START Data records

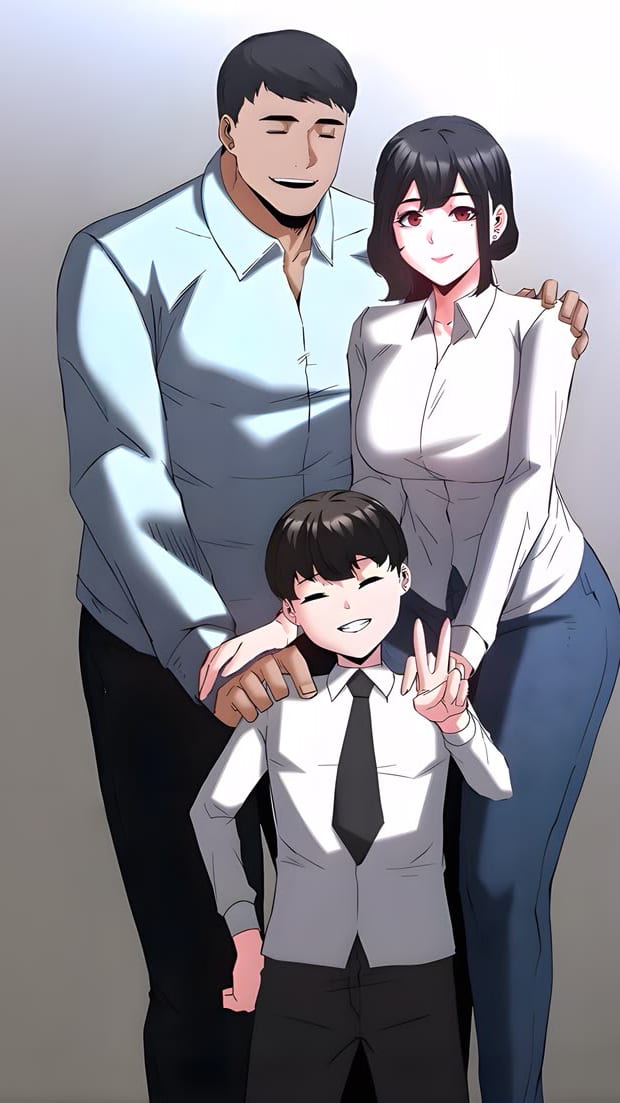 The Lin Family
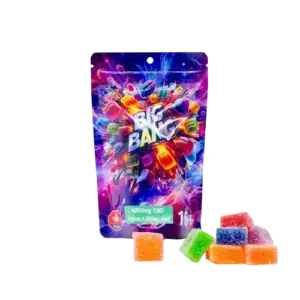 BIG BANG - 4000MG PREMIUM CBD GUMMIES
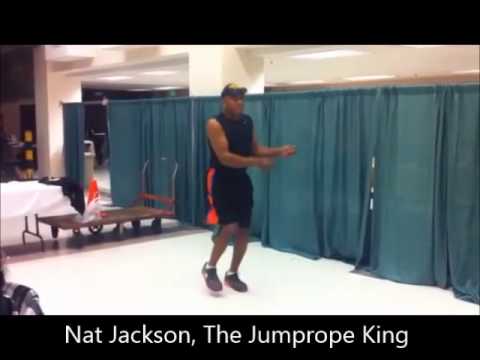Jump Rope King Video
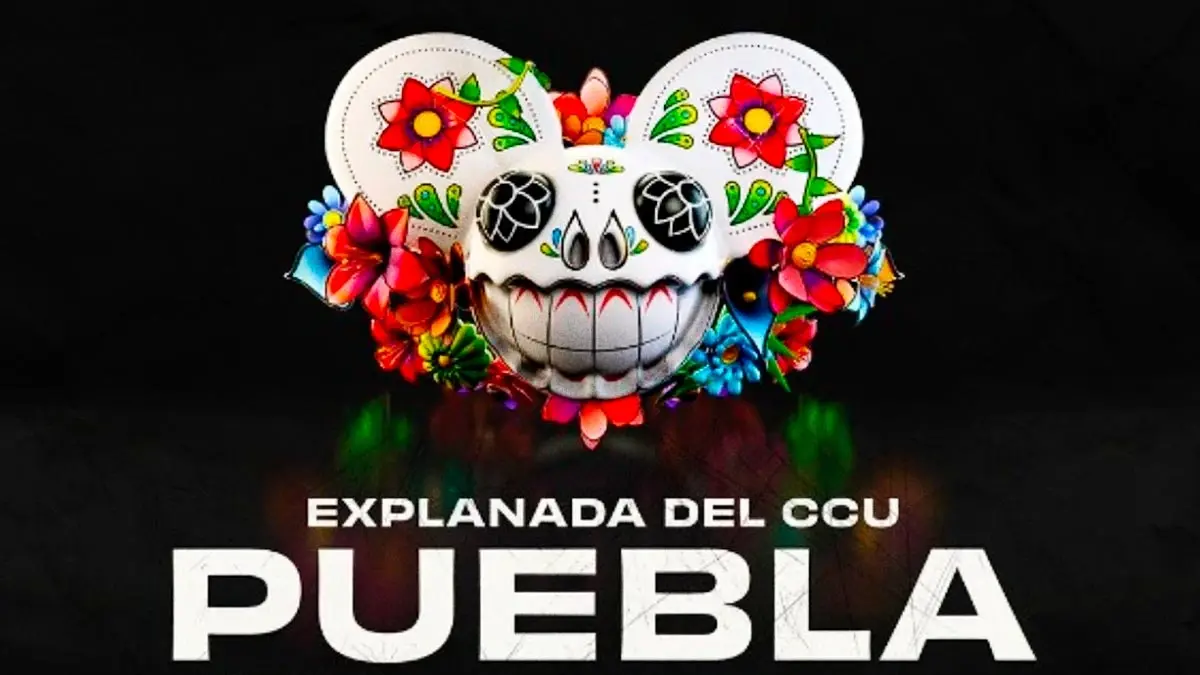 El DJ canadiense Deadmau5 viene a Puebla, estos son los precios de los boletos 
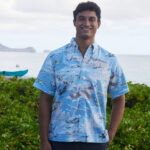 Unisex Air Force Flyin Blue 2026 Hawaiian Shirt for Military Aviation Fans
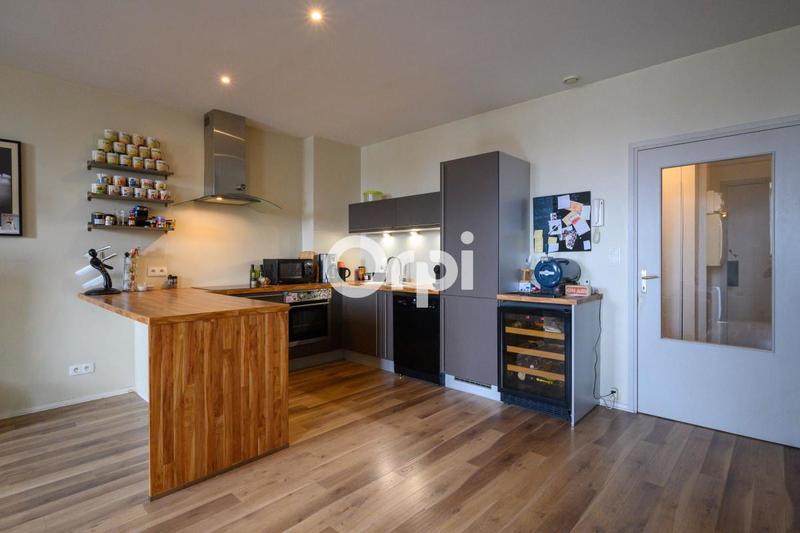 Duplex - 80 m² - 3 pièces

END Data records

■ **What you are asked to do**: Output the records exactly, pictures excluded.

■ **Response box**:
 The Lin Family
 BIG BANG - 4000MG PREMIUM CBD GUMMIES
Jump Rope King Video
 El DJ canadiense Deadmau5 viene a Puebla, estos son los precios de los boletos 
 Unisex Air Force Flyin Blue 2026 Hawaiian Shirt for Military Aviation Fans
 Duplex - 80 m² - 3 pièces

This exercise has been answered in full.